• _EXERCISE_:
Extract the stretch of lines that starts at the line with "Modulinė sofa su" and ends at the last line of the data below. Give it exactly, without pictures.

• _DATASET CONTENT_:
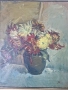 Маслен натюрморт "Хризантеми"-Худ. Делчо Станев , снимка 3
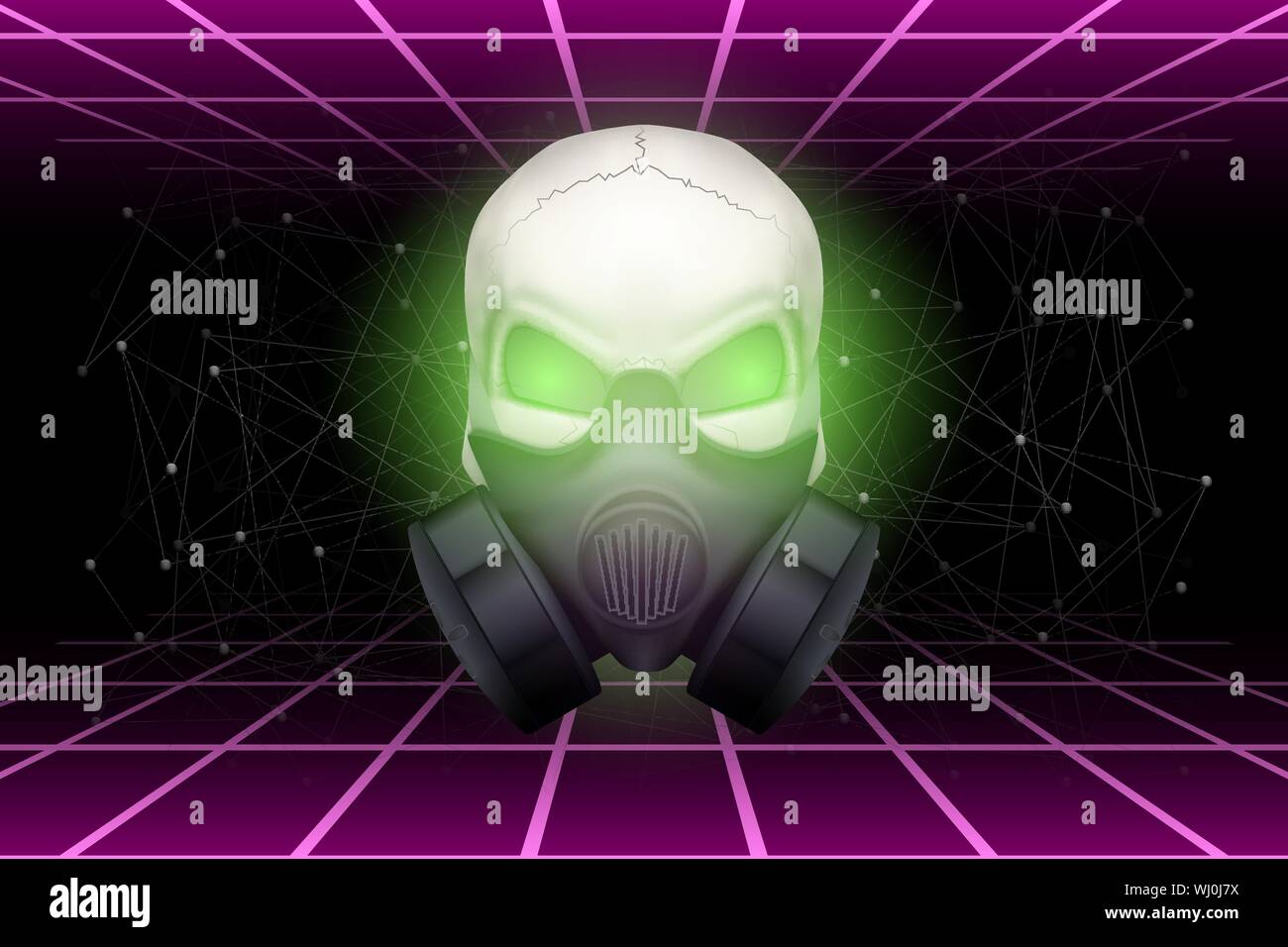 Futuro cyberpunk synthwave sfondo. Cranio con gasmask sul futuro stile retrò sfondo con linee e spazio. Illustrazione Vettoriale Illustrazione Vettoriale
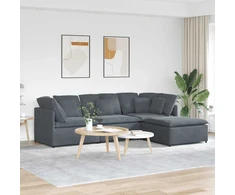 Modulinė sofa su pakoja ir pagalvėlėmis, aksominė, tamsiai pilka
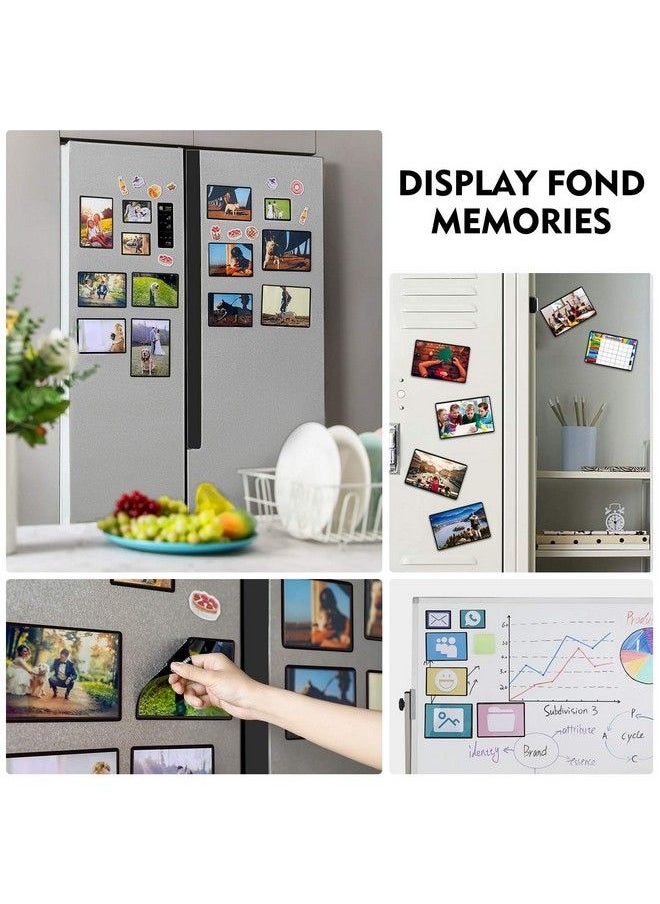 Pack Of 15 Magnetic Picture Frame With Clear Pocket 4 X 6 Inches Refrigerator Photo Holder For Fridge Office Cabinet Locker Black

• _RESULT OF THIS EXERCISE_:
 Modulinė sofa su pakoja ir pagalvėlėmis, aksominė, tamsiai pilka
 Pack Of 15 Magnetic Picture Frame With Clear Pocket 4 X 6 Inches Refrigerator Photo Holder For Fridge Office Cabinet Locker Black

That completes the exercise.